**EXERCISE:**
Transcribe the lines below exactly, beginning with the line that holds "To turn drawn" and ending with the final line, both included. Pictures are to be left out.

**DATA SEGMENT:**
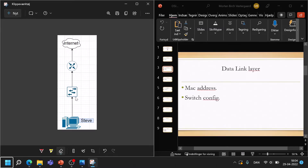If we don't find any problems there, we will look at the data link layer. Maybe Steve has an interface on the switch that is misconfigured — it could be that the interface he is connected to has a misconfigured VLAN, or there is just overall misconfiguration in the switch. That's the next place you would look for problems.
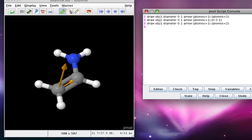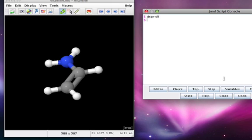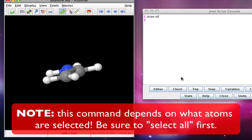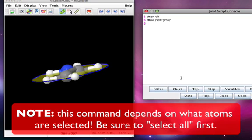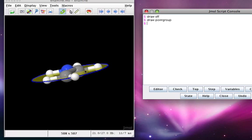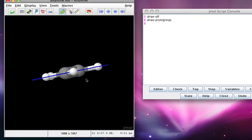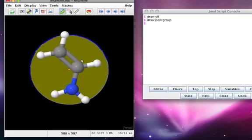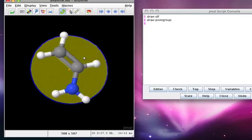To turn drawn objects off, just type draw off. Let's see if using draw point group shows us the plane of symmetry inherent in the enamine. And sure enough, there it is. Notice that we can reflect through that plane and get the same molecule out.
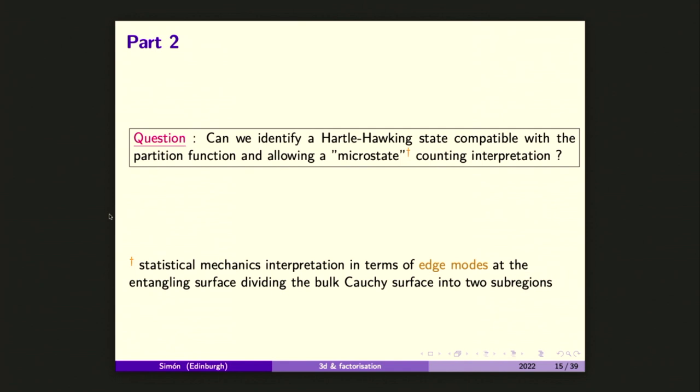Now we have some proposal for 3D gravity — this means I can give you some Hilbert space and I can compute some wave functions. I now have a slightly better defined setup in order to start asking questions of bulk factorization, because I'm giving you a Hilbert space. Before that, of course I can do this in AdS-CFT, but then I have a full microscopic theory and many more things to worry about.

**EXERCISE RESULT:**
To turn drawn objects off, just type draw off. Let's see if using draw point group shows us the plane of symmetry inherent in the enamine. And sure enough, there it is. Notice that we can reflect through that plane and get the same molecule out.
Now we have some proposal for 3D gravity — this means I can give you some Hilbert space and I can compute some wave functions. I now have a slightly better defined setup in order to start asking questions of bulk factorization, because I'm giving you a Hilbert space. Before that, of course I can do this in AdS-CFT, but then I have a full microscopic theory and many more things to worry about.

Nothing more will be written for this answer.